# FW 190A-8 wing



## Kingscoy (Nov 17, 2018)

A few years back I posted a thread about the recovery of a fw190A-8 of JG54 back in 1995 when we found the complete port wing, engine, cockpit parts etc. Now the frustrating part of the story...

We received news that in that same area the starboard wing was found last summer...by some guys who were looking for old coins. They found it almost 400 meters from our recovery site! We never ever questioned ourselfs to look that far from the actual crash site. The sad bit is that the guys who found it know that we have this a/c in our museum and are trying to get a lot of money for it...hopefully our negotiation skills will see the starboard wing find its way to our museum. How cool would that be...seeing the compete wing span of a 190 reunited with the rest of the a/c.

Reactions: Like Like:
1 | Like List reactions


----------



## Kingscoy (Nov 17, 2018)

Short YouTube clip...sorry it is in Dutch but will give a good impression of our small museum.

Reactions: Like Like:
1 | Like List reactions


----------



## Airframes (Nov 17, 2018)

Great !
I hope you can get the wing.


----------



## Crimea_River (Nov 17, 2018)

Me too.

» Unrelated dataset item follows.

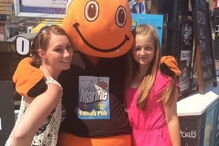 Enderby, Leicestershire, crime, lei e justiça, Megan Bannister, Kirsten, Tony, Carol, Canadá, Leicester, jovem, estudante, , acidentes e desastres, acidente de viação, encenação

Shame some people will hold things for ransom like that.


----------



## Wurger (Nov 17, 2018)

With all here.I keep my finger crossed for getting of the wing soon.


----------



## Tieleader (Nov 17, 2018)

Just offer them some coins they want!

Reactions: Like Like:
1 | Like List reactions


----------



## Kingscoy (Nov 17, 2018)

We are trying hard...but we are not in the same galaxy on the price . Their initial offer closely to 5 digits


----------



## Tieleader (Nov 17, 2018)

Kingscoy said:


> We are trying hard...but we are not in the same galaxy on the price . Their initial offer closely to 5 digits


Like any negotiation that's just the opening "hope we get them to pay it" price. It should come down a bunch if you play hardball...


----------



## Gnomey (Nov 17, 2018)

Good stuff! Hopefully you get the other one is too.


----------



## Kingscoy (Nov 18, 2018)

Tieleader said:


> Like any negotiation that's just the opening "hope we get them to pay it" price. It should come down a bunch if you play hardball...


Very true...we'll get there...I hope.


----------



## Crimea_River (Nov 18, 2018)

Talk to a scrap dealer to find out the value of the metal, then challenge the extortionists on what else they would do with the wing of you didn't buy it.

Reactions: Agree Agree:
2 | Like List reactions


----------